Assignment =>
Using the listing below, copy exactly the lines from the one containing "tatacliq.com Reebok White" to the one containing "Конструктивные особенности полуприцепа-цистерны", both lines included, and no others.

Data for this exercise =>
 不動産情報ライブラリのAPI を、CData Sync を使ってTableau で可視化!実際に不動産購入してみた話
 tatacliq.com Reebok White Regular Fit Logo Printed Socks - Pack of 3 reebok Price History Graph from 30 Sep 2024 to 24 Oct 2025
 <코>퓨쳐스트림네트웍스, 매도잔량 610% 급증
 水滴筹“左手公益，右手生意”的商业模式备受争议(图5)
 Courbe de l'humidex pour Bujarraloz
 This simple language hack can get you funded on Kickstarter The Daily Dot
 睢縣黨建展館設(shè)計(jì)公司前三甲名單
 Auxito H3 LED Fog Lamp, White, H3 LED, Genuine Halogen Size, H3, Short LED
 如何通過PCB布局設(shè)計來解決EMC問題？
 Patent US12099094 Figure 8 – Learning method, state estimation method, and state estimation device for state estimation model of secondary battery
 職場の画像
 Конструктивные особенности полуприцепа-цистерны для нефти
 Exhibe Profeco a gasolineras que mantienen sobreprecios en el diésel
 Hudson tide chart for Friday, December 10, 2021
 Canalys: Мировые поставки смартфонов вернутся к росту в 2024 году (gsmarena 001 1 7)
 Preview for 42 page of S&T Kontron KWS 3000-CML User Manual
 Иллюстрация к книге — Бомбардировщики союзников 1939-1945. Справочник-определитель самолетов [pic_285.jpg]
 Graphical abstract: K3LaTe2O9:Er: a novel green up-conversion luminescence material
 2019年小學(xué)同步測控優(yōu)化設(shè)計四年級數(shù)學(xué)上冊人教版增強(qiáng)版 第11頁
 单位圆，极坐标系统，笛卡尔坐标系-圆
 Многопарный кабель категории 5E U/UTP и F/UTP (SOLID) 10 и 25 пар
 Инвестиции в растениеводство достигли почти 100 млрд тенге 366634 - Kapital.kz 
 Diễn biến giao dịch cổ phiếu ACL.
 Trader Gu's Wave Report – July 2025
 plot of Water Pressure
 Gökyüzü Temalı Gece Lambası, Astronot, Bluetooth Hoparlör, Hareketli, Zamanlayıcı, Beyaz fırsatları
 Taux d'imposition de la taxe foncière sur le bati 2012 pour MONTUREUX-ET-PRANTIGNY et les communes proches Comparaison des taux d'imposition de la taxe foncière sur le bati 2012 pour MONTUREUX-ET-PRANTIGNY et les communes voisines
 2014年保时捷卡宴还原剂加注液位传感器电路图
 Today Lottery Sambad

Written solution =>
 tatacliq.com Reebok White Regular Fit Logo Printed Socks - Pack of 3 reebok Price History Graph from 30 Sep 2024 to 24 Oct 2025
 <코>퓨쳐스트림네트웍스, 매도잔량 610% 급증
 水滴筹“左手公益，右手生意”的商业模式备受争议(图5)
 Courbe de l'humidex pour Bujarraloz
 This simple language hack can get you funded on Kickstarter The Daily Dot
 睢縣黨建展館設(shè)計(jì)公司前三甲名單
 Auxito H3 LED Fog Lamp, White, H3 LED, Genuine Halogen Size, H3, Short LED
 如何通過PCB布局設(shè)計來解決EMC問題？
 Patent US12099094 Figure 8 – Learning method, state estimation method, and state estimation device for state estimation model of secondary battery
 職場の画像
 Конструктивные особенности полуприцепа-цистерны для нефти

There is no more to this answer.